U.S. Navy awards FSU center $35 million research grant. Grant is largest ever for FSU’s Center for Advanced Power Systems.
Florida State University’s Center for Advanced Power Systems has been awarded a $35-million grant by the U.S. Navy – its largest grant ever – to broaden its research in creating an all-electric ship.
The grant, spread over five years, is the latest coup for the Innovation Park-based research center. In April, the U.S. Navy named the center, known as CAPS, its first university test site to perform high-powered simulations in its testing for an all-electric ship.
Researchers at the FSU center will lead a team of scientists working on energy and machinery requirements associated with an all-electric ship, according to FSU. Those scientists and engineers represent the Massachusetts Institute of Technology, Mississippi State University, Purdue University, University of South Carolina, The University of Texas at Austin and Virginia Tech.
“Federal funding has become increasingly competitive over the past few years as the pot of funds has shrunk dramatically,” said FSU’s Vice President for Research Gary Ostrander. “To receive such a huge level of funding from the Office of Naval Research is a great tribute to the researchers at CAPS and speaks to the quality of work they perform for the Navy.”
CAPS is directed by Roger McGinnis, a retired U.S. Navy captain, who has held senior executive positions with the Department of Homeland Security Science and Technology and at the Office of Naval Research.

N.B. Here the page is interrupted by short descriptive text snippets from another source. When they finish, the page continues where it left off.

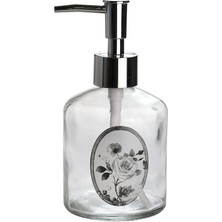 OEM Cam Sıvı Sabunluk,gül Desen 300ML 7,6X15,5CM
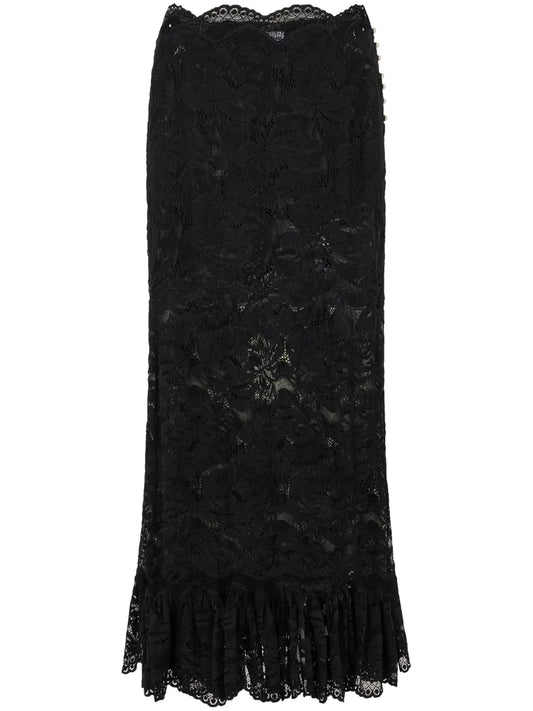 High-Waist Lace Midi Skirt
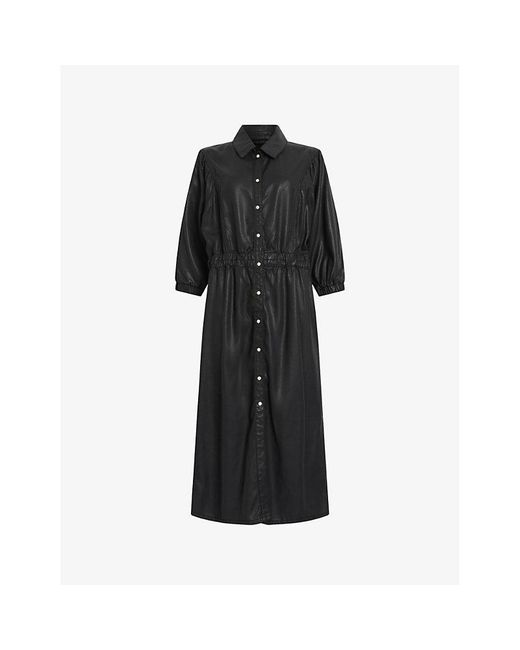 AllSaints Black Osa Coated Lyocell Midi Dress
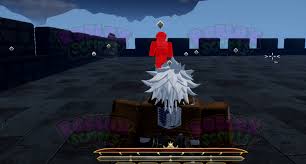 Roblox Attack on Titan Revolution gameplay showing a player with white hair aiming at a red target dummy on a rooftop, with combat HUD and castle walls visible.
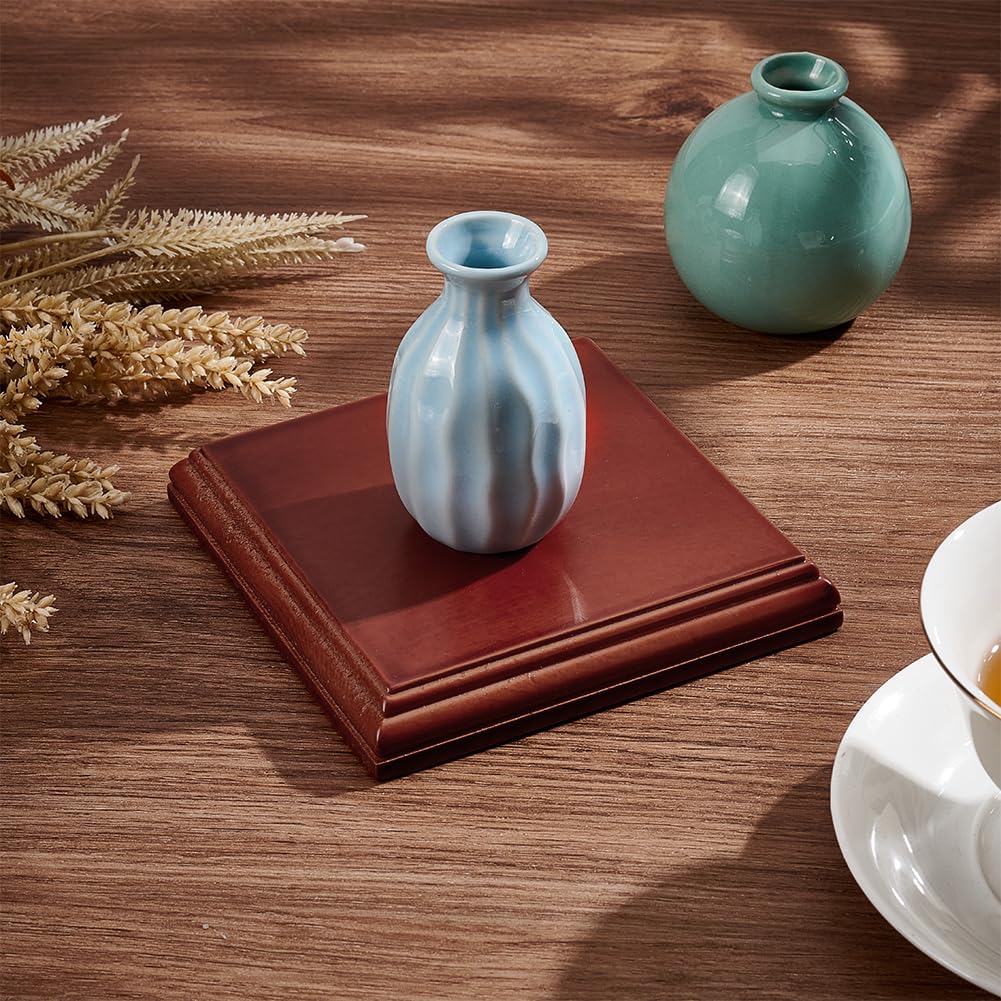 FINGERINSPIRE Nature Wood Display Base Square Orange Red Wooden Base 12.5x12.5x2cm Wood Display Stand Wooden Pedestal for Figure Toy Model DIY Crafts Display or Home Decoration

At the Office of Naval Research, McGinnis directed several major research projects, including the production of high energy lasers, high-power microwaves, electromagnetic rail guns, and an autonomous helicopter program that will be part of future Navy ships and aircraft.
“This is the largest grant ever received by CAPS, and to me, it reflects the respect the Navy has for the previous research and testing CAPS researchers have accomplished over the past 15 years,” said CAPS Director Roger McGinnis.
While electric ships already exist, most of them are powered by gas turbines, FSU said. The Tallahassee center has been tapped to play a major role in building a ship on which one power source would be controlling all computer systems, energy storage, sensors and propulsion capability.
CAPS was founded by FSU in 2000.
The Navy gave CAPS this accreditation because of a process the local facility pioneered called power hardware in the loop in which researchers can simulate real-time environmental and electrical conditions with minimal risk or damage to equipment while retaining a high level of flexibility, the university said.
For instance, a new power converter could be taken through a power surge or overload scenario to see how it responds in a highly controlled lab environment.
“We want the Navy to understand the risks or benefits if they take one path versus another when they are choosing different types of technologies,” said Michael “Mischa” Steurer, research faculty and leader of the Power Systems Research Group at CAPS. “Our simulations allow us to see the full picture of these new technological options.”